Allow a compiled Torch-TensorRT program to be saved to disk and loaded back without recompilation. The loaded program must be executable on any compatible device without importing any other model weights separately.

Export serialization workflow

Serialization Formats#

Two formats are supported:

torch.export / ExportedProgram (.ep)#

The default format for the torch.export (AOT) workflow. The compiled torch.fx.GraphModule is wrapped in a torch.export.ExportedProgram container.

How TRT engines are stored:

  • Each compiled TRT subgraph uses the torch.ops.tensorrt.execute_engine custom op as a call_function node in the FX graph. This is serializable by the standard torch.export serialization stack.

  • TRT engine bytes are serialized as tensor attributes in the ExportedProgram package. Input/output structures are captured as PyTrees.

# Save
torch_tensorrt.save(trt_gm, "model.ep", arg_inputs=inputs)

# Load (no recompilation)
trt_gm = torch_tensorrt.load("model.ep")
output = trt_gm(*inputs)

Note

The C++ runtime is required for ExportedProgram serialization. The Python runtime does not support this format.

AOTInductor (.so)#

TRT engines can be embedded into an AOTInductor-generated shared library alongside TorchInductor-compiled Triton kernels. The result is deployable without Python — only libtorchtrt_runtime.so is needed at runtime:

torch._export.aot_compile(
    trt_gm,
    args=inputs,
    options={"aot_inductor.output_path": "model.so"},
)

# Runtime (no Python, no PyTorch)
# load with libtorchtrt_runtime.so only

Stand-Alone TRT Engine (.trt / .engine)#

Individual TRT engines can be extracted and serialized without any PyTorch wrapper:

trt_engine_bytes = torch_tensorrt.convert_exported_program_to_trt_engine(
    exp_program, inputs=inputs
)
with open("engine.trt", "wb") as f:
    f.write(trt_engine_bytes)

These can be run with trtexec or any other TensorRT-compatible runtime.

Internal Design#

The key constraint is that call_module nodes (submodule calls) are not serializable by the standard torch.export serializer. Torch-TensorRT solves this by embedding TRT engines as call_function nodes using the custom torch.ops.tensorrt.execute_engine operator, which is serializable:

# call_function node — serializable
%execute_engine = call_function[
    target=torch.ops.tensorrt.execute_engine
](args=([%arg7_1], <TRT engine bytes>), kwargs={})
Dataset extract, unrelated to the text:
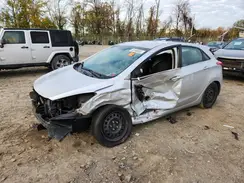 KMHD35LH3GU272189 2016 HYUNDAI ELANTRA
Engine bytes are stored as opaque constant attributes attached to the graph and packed into the ExportedProgram zip archive alongside the model weights.
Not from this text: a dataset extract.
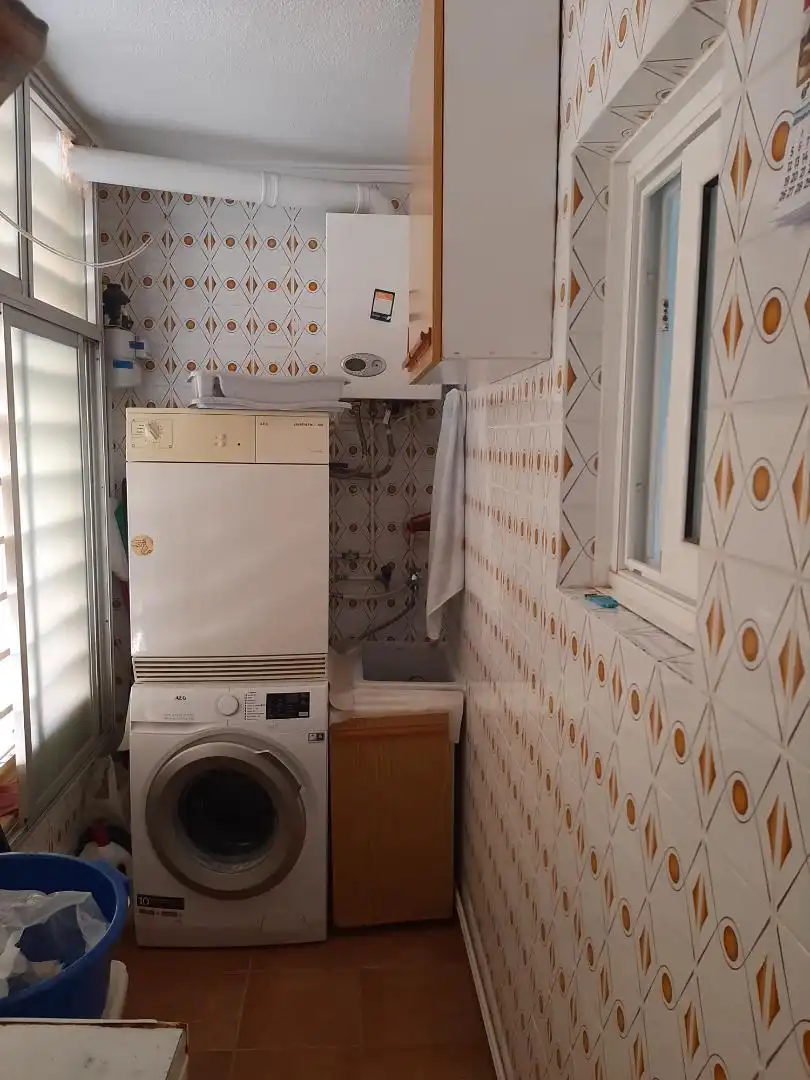 Piso en  Calle los Sauces 3 - Foto 10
Custom serializers (TorchTRTExportedProgramSerializer, TorchTRTSerializer) handle the execute_engine node type during torch.export serialization. Corresponding deserializers reconstruct the engine from bytes and restore the call_function node.

Versioning#

Serialized programs include the Torch-TensorRT version, TensorRT version, and target device SM capability. A compatibility check at load time warns if the serialized engine was built for a different device or library version.